Chair no. 10 - Peter Englund
Historian.
Inducted: 2002.
Peter Englund was born in Boden, northern Sweden, in 1957. Following high school and military service, he studied archaeology, theoretical philosophy and history at Uppsala University. After a period in military intelligence, he resumed his academic career and his research into Sweden’s era as a great power and its contemporaneous world view. This resulted in his doctoral thesis, Det hotade huset: Adliga föreställningar om samhället under stormaktstiden (1989; 'A House in Peril: Aristocratic Conceptions of Society during Sweden’s Period as a Great Power'). In parallel, he was writing in freer style about the Battle of Poltava, resulting the previous year in the acclaimed The Battle that Shook Europe - Poltava and the Birth of the Russian Empire. This book, with its detailed and anti-heroic depiction of the realities of soldiers’ lives, was not only a considerable commercial success but also contributed to a perceptible rise in public interest in history in Sweden. Leaning on diaries and letters, he described the Swedish army’s catastrophic defeat in 1709. Using the personal experiences of a number of individuals in an historical juncture is called microhistory, a method Englund often employs. It framed a subsequent work, The Beauty and the Sorrow (1991) about the first world war, then when when he returned to the Great Power period in Ofredsår (1993; ‘Years of War’), Den oövervinnerlige (2000; 'The Invincible One’) and Silvermasken (2005; ‘The Silver Mask’). His works have illuminated dominant but at times extraordinarily elusive figures such as Count Erik Dahlbergh, King Charles X and Queen Christina, but have also examined the conditions of ordinary people, whether through midwifery, dietary customs or how dwellings were heated. This intimacy is often even more striking in Englund’s reportage and essay collections such as Förflutenhetens landskap (1991; ‘The Landscape of Times Past’) and Tystnadens historia och andra essäer (2003; ‘History of Silence and Other Essays’).

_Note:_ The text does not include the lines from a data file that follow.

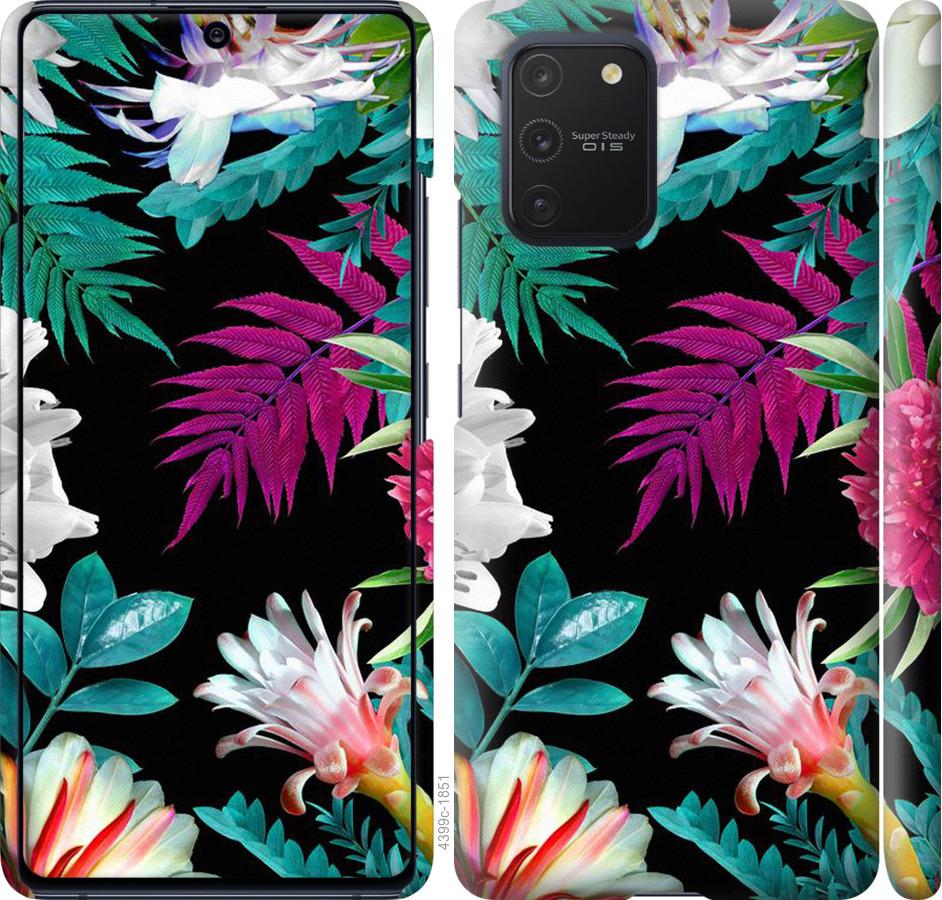 

Чохол на Samsung Galaxy S10 Lite 2020 Flowers
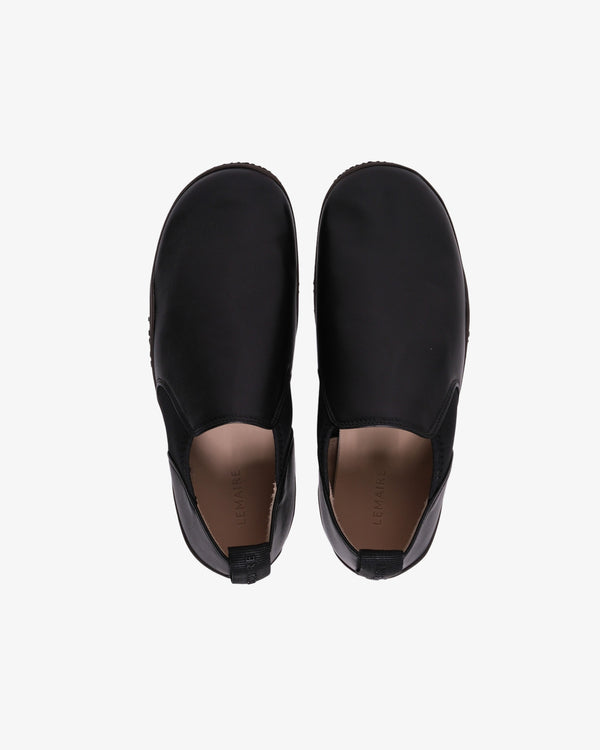 Lemaire - Men's Vibram Glove Slip On - (Black)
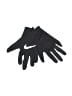 Nike Black Gloves Size Med - Lg - photo 1
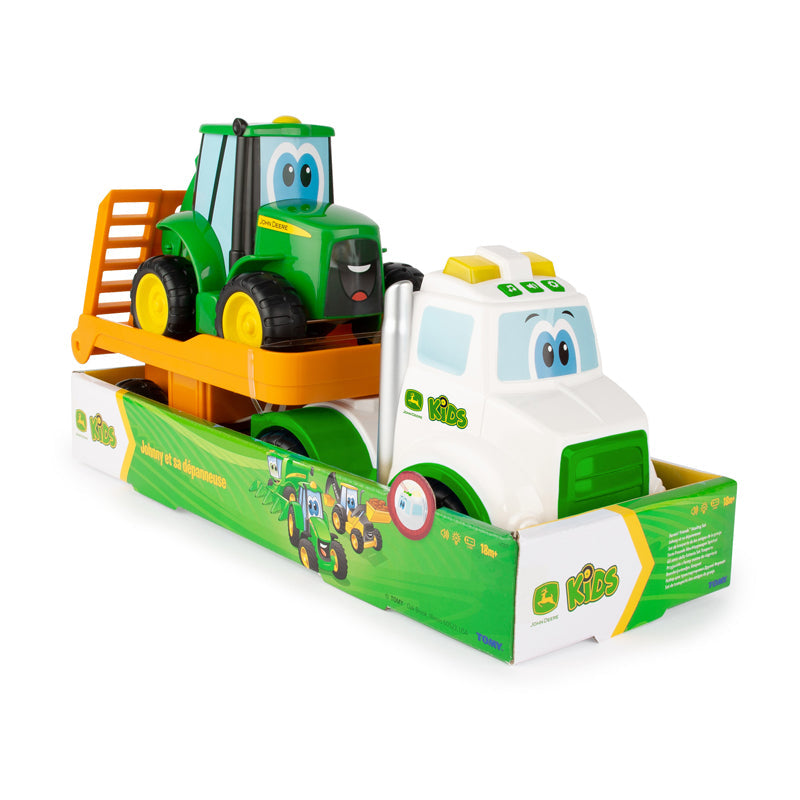 John Deere Farmin Friends Hauling Set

Englund has also written reportage from the wars in Croatia, Bosnia, Afghanistan and Iraq, as well as the autobiographical Jag kommer ihåg (2016; ‘I Remember’) and the forensic examination Söndagsvägen – berättelsen om ett mord (2020; 'The Sunday Road – History of a Murder'). He has written for film and television on historical subjects and has contributed essays and reportage to the daily newspapers Expressen and Dagens Nyheter. Between 2001–06 he was Professor of Historical and Social Narrative at the Stockholm University of the Arts.
Englund was elected to the Academy on 23 May 2002 on Chair No. 10, succeeding Erik Lönnroth, and admitted on 20 December that year. On 29 May 2008 he was appointed Permanent Secretary, taking up his functions on 1 June 2009. He remained in that position until 31 May 2015. He was a co-opted member of the Nobel Committee for 2009–15.